Our library has a section where you may give a donation and take some of the discarded books and I've found some interesting ones lately. Farm City - The Education of an Urban Farmer by Novella Carpenter was one I particularly enjoyed.
Born from parents who delved in a self sufficient lifestyle, she decided to become an urban farmer and found, on an Oakland street she described as urban decay, a suitable apartment. The apartment was the top floor of a disintegrated Queen Anne house with neighbors of homeless people living in cars and a monastery, she purchased bees, set up a garden in a vacant lot and dabbled with raising chickens, turkeys and ducks (these were delivered through the U.S. Mail!). The area was called Ghost Town as it had long been abandoned by businesses, houses were abandoned and there were overgrown lots.
From the cover:
When Novella Carpenter - captivated by the idea of backyard self-sufficiency as the daughter of two back to the earth hippies - moves to a ramshackle house in inner-city Oakland and discovers a week choked, garbage strewn abandoned lot next door, she closes her eyes and pictures heirloom tomatoes, a beehive, and a chicken coup.
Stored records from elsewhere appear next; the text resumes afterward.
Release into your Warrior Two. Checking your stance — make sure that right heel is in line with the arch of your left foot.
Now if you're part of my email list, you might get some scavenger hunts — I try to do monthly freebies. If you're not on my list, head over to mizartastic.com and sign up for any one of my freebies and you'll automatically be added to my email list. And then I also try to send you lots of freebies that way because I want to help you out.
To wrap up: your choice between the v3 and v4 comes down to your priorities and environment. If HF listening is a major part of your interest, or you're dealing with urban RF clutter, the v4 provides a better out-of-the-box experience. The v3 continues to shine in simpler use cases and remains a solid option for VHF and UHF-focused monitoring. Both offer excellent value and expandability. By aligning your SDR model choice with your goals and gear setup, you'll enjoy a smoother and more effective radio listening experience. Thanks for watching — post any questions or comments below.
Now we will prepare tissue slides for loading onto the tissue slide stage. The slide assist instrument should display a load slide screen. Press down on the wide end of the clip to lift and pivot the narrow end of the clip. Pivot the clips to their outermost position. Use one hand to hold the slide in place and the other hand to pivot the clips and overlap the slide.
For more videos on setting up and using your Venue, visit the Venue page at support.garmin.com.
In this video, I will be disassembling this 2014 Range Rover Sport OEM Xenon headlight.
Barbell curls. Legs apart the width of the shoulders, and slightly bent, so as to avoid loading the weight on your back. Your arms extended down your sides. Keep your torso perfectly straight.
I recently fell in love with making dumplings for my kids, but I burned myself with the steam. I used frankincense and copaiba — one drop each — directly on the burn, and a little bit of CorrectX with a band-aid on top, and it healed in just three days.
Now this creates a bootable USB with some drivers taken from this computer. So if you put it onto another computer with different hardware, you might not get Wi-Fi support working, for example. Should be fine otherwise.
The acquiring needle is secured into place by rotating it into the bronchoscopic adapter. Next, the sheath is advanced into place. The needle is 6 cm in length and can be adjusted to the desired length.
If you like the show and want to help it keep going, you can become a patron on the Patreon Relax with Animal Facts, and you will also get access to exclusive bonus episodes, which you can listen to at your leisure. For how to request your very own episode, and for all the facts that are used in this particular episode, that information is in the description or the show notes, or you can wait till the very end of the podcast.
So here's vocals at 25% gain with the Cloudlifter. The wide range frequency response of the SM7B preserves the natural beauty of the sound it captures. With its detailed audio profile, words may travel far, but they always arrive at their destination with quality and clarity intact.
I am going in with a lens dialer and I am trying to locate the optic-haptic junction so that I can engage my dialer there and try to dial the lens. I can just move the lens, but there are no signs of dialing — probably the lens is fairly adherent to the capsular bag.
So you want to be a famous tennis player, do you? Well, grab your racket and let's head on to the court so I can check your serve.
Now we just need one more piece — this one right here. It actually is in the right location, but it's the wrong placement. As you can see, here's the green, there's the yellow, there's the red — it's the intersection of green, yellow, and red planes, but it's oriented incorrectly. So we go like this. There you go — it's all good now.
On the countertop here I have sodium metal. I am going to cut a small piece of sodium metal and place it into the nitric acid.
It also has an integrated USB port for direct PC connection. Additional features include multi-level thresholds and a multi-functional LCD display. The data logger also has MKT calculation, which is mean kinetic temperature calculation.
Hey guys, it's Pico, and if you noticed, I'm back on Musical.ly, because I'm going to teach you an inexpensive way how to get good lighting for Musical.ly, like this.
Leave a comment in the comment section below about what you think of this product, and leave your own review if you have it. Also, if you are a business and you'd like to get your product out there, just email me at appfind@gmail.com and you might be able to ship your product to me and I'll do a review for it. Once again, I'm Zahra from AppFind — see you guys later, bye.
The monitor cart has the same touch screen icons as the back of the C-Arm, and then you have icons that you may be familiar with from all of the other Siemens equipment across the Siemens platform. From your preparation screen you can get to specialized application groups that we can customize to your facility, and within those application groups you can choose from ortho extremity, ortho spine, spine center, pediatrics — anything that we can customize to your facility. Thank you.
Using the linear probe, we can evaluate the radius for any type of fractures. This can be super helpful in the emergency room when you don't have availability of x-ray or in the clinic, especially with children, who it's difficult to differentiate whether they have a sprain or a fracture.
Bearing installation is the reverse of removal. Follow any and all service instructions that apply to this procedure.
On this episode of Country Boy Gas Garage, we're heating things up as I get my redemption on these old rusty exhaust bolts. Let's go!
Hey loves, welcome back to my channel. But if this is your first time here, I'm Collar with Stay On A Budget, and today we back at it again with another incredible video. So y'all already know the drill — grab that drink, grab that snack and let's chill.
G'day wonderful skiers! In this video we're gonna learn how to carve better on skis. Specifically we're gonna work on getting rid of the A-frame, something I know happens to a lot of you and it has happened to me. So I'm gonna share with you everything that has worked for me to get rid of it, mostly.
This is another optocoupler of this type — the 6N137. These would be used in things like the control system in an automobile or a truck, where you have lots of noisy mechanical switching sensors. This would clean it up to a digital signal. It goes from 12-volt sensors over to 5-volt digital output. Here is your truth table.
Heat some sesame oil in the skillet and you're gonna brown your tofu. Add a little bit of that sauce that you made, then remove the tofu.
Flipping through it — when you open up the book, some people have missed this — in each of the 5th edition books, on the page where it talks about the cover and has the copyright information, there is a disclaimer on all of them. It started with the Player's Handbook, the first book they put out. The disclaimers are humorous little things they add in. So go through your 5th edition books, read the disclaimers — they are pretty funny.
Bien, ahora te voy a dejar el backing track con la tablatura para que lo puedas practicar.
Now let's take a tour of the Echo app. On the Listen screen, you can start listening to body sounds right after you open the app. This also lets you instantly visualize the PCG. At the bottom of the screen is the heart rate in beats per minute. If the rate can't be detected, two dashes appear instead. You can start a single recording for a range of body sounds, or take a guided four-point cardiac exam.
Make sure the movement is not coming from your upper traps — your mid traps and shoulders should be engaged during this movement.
What starts out as a few egg-laying chickens leads to turkeys, geese, and ducks. And not long after, along came two 300-pound pigs. And no, these charming and eccentric animals aren't pets, Novella is raising these animals for dinner.
I enjoyed this book. While living in England in the 70s I admired people who lived off the land, (which was a craze then) and television shows like Good Neighbors (called The Good Life in the English version) were popular. But my efforts ended at growing vegetables, canning, and making wine. Livestock was a whole other kettle of fish. Novella Carpenter takes us with her on each of her new experiments and along the way I learned a lot about growing vegetables. Another lesson was that Novella shared her reaction to the people around her. Young boys standing on corners in an area known for late night gunfire, became less scary when she confronted them, she wandered the streets at night dumpster diving in refuse containers outside Chinese restaurants to feed her chickens and rabbits, and embraced each of her neighbors along with their eccentric lifestyles.
Novella Carpenter doesn't hold anything back in her memoir and shares with us her dreams, her thoughts and her desire to be completely self sufficient, if only for a month, all with humor.